Başlangıç Sayfası Yapın

 
 

Bismillahirrahmanirrahim

 

TEVBE SÛRESİ 43. AYETİN TEFSİRİ

 Soru-22:Size Sormak istediğim, tevbe suresinin 43. ayetinin tefsiridir. Bildiğiniz gibi bu ayette Resulullah'ın bazı münafıklara veya zaif-ül iman insanlara savaşa gitmemek için verdiği izin eleştirilmektedir. Bu eleştiriyi masumiyetle nasıl bağdaştırıyorsunuz?

Cevap-22: Bizce bu ayetleri de aynı Tahrim suresindeki ayetlerin tefsirinde güttüğümüz mantıkla tefsir etmeliyiz.
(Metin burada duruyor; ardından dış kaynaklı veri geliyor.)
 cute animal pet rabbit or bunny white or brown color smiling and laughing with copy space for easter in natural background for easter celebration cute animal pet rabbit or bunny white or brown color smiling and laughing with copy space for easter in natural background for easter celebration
Evet Maalesef benzer bir çok âyet gibi, bu âyet de bazıları tarafından çarpık bir şekilde tercüme ve tefsir edilerek güya Allah Resulü'nün masumiyetine aykırı bir sonuç çıkarılmaya çalışılmıştır.

Biz yine önce âyetlerin metnini, ardından nüzûl sebebini ve bize göre doğru olan tefsirini vermeğe çalışacağız:

"Allah seni affetsin; neden doğru söyleyenler sana belli oluncaya ve yalancıların kim olduğunu öğrenmeden onlara izin verdin?"
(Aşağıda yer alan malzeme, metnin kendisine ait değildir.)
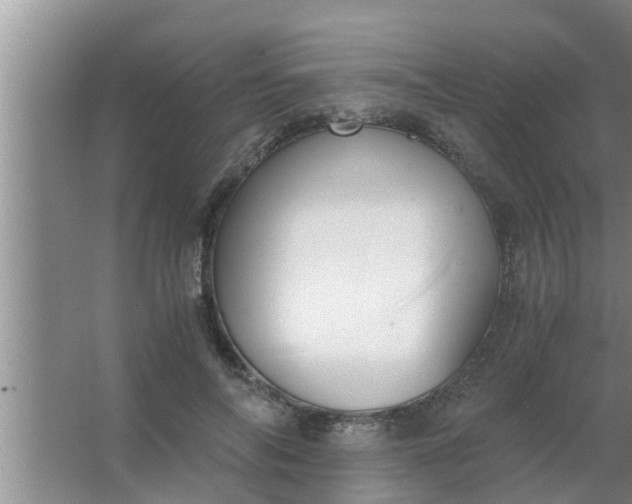 X0000063500694200602032018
"Allah'a ve âhiret gününe iman edenler, mallarıyla ve canlarıyla cihad etmekten (kaçınmak için) senden izin istemezler. Allah takvâ sahiplerini bilendir."

"Senden yalnızca Allah'a ve âhiret gününe inanmayan, kalpleri kuşkuya kapılıp da kuşkularında kararsızlığa düşenler izin ister."

"Eğer onlar (gerçekten savaşa) çıkmak isteselerdi, herhalde ona hazırlık yaparlardı. Ancak Allah, (onların savaşa) doğru hareket etmelerini çirkin gördü de (tevfikini onlardan uzaklaştırıp savaşa çıkmalarına) engel oldu ve (onlara): "Siz de oturanlarla birlikte oturun" denildi."

"Sizinle birlikte çıksalardı, size kötülük ve zarardan başka bir şey ilave etmez ve hemen aranıza mutlaka fitne (ihtilaf ve nifak) sokmağa koyulurlardı. İçinizde onlara haber taşıyanlar vardır. Allah zulme sapanları bilir."...(Tevbe, 43 ila 47)

Sebeb-i nüzûl: Allah Resûlü ve Müslümanlar Tebûk savaşına hazırlandıkları bir sırada, münafıklardan bir grup Resûlullah'a gelerek bazı bahaneler uydurup savaşa gitmemeleri için izin istediler. Resulullah da kendilerine izin verdi ve ardından bu âyetler nâzil oldu. İşte bu âyetlerin zahirine dayanarak Allah Resulu'nün bu olayda hata yaptığını,  Hatta bazı müfessirler (Zımahşerî gibi) âyetteki "Afâ" (afv kökünden) kelimesine dayanarak Resulullah'ın günah ve kötü bir iş yaptığını, (zira bu kelimenin, sürekli cinayet ve kötü bir işin işlendiğine kinâye olduğunu söylemişlerdir. Böyle olunca da ister istemez Peygamber'in masûm olduğunu söylemek mümkün değildir.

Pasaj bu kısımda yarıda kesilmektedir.